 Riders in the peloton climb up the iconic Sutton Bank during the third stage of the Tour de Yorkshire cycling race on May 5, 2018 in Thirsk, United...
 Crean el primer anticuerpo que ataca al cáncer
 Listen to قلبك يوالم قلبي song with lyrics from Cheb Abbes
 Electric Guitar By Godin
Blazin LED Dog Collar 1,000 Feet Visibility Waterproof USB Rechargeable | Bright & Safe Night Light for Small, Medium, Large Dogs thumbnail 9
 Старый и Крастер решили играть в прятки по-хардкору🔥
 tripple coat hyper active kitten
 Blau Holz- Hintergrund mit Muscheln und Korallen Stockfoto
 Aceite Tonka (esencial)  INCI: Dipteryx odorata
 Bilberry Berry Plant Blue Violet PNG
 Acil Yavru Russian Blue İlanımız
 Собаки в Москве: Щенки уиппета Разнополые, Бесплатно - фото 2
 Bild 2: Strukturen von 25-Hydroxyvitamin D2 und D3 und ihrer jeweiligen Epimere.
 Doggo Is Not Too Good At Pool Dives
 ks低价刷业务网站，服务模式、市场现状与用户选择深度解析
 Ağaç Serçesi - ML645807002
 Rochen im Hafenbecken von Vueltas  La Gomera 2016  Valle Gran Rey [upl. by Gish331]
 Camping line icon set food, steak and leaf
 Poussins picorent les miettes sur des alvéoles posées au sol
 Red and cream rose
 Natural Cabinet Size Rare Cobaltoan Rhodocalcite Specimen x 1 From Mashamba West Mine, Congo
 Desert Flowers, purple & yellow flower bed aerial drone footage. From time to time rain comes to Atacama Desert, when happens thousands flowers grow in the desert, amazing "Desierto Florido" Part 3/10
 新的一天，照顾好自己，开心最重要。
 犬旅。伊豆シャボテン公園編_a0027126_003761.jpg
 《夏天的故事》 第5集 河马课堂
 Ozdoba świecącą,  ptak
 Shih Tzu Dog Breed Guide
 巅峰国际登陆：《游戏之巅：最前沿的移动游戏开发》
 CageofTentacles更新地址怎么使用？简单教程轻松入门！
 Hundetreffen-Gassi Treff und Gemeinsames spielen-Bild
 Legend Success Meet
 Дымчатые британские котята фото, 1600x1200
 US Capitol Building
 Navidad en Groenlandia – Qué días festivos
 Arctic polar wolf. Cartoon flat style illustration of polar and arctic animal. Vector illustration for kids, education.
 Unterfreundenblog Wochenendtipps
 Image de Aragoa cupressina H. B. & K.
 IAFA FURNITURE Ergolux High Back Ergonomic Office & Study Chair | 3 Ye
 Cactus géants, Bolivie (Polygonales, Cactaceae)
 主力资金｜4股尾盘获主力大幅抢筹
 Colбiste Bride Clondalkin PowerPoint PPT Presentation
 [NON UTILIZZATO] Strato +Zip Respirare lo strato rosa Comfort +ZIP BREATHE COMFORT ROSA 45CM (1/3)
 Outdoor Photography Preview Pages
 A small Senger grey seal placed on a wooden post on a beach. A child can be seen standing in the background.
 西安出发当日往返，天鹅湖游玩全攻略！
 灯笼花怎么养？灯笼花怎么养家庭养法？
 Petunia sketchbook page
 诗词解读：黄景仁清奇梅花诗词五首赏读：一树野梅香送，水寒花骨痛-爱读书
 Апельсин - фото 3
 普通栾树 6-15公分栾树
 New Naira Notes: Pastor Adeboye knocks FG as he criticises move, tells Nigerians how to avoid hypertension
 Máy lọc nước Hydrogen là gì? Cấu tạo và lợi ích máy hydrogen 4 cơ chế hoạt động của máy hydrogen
^^^^^^^^^^^^^^^^
For this exercise, please output exactly the lines above starting at the line with "Aceite Tonka (esencial)" and ending at the line with "Outdoor Photography Preview Pages", ends included.

Response area:
 Aceite Tonka (esencial)  INCI: Dipteryx odorata
 Bilberry Berry Plant Blue Violet PNG
 Acil Yavru Russian Blue İlanımız
 Собаки в Москве: Щенки уиппета Разнополые, Бесплатно - фото 2
 Bild 2: Strukturen von 25-Hydroxyvitamin D2 und D3 und ihrer jeweiligen Epimere.
 Doggo Is Not Too Good At Pool Dives
 ks低价刷业务网站，服务模式、市场现状与用户选择深度解析
 Ağaç Serçesi - ML645807002
 Rochen im Hafenbecken von Vueltas  La Gomera 2016  Valle Gran Rey [upl. by Gish331]
 Camping line icon set food, steak and leaf
 Poussins picorent les miettes sur des alvéoles posées au sol
 Red and cream rose
 Natural Cabinet Size Rare Cobaltoan Rhodocalcite Specimen x 1 From Mashamba West Mine, Congo
 Desert Flowers, purple & yellow flower bed aerial drone footage. From time to time rain comes to Atacama Desert, when happens thousands flowers grow in the desert, amazing "Desierto Florido" Part 3/10
 新的一天，照顾好自己，开心最重要。
 犬旅。伊豆シャボテン公園編_a0027126_003761.jpg
 《夏天的故事》 第5集 河马课堂
 Ozdoba świecącą,  ptak
 Shih Tzu Dog Breed Guide
 巅峰国际登陆：《游戏之巅：最前沿的移动游戏开发》
 CageofTentacles更新地址怎么使用？简单教程轻松入门！
 Hundetreffen-Gassi Treff und Gemeinsames spielen-Bild
 Legend Success Meet
 Дымчатые британские котята фото, 1600x1200
 US Capitol Building
 Navidad en Groenlandia – Qué días festivos
 Arctic polar wolf. Cartoon flat style illustration of polar and arctic animal. Vector illustration for kids, education.
 Unterfreundenblog Wochenendtipps
 Image de Aragoa cupressina H. B. & K.
 IAFA FURNITURE Ergolux High Back Ergonomic Office & Study Chair | 3 Ye
 Cactus géants, Bolivie (Polygonales, Cactaceae)
 主力资金｜4股尾盘获主力大幅抢筹
 Colбiste Bride Clondalkin PowerPoint PPT Presentation
 [NON UTILIZZATO] Strato +Zip Respirare lo strato rosa Comfort +ZIP BREATHE COMFORT ROSA 45CM (1/3)
 Outdoor Photography Preview Pages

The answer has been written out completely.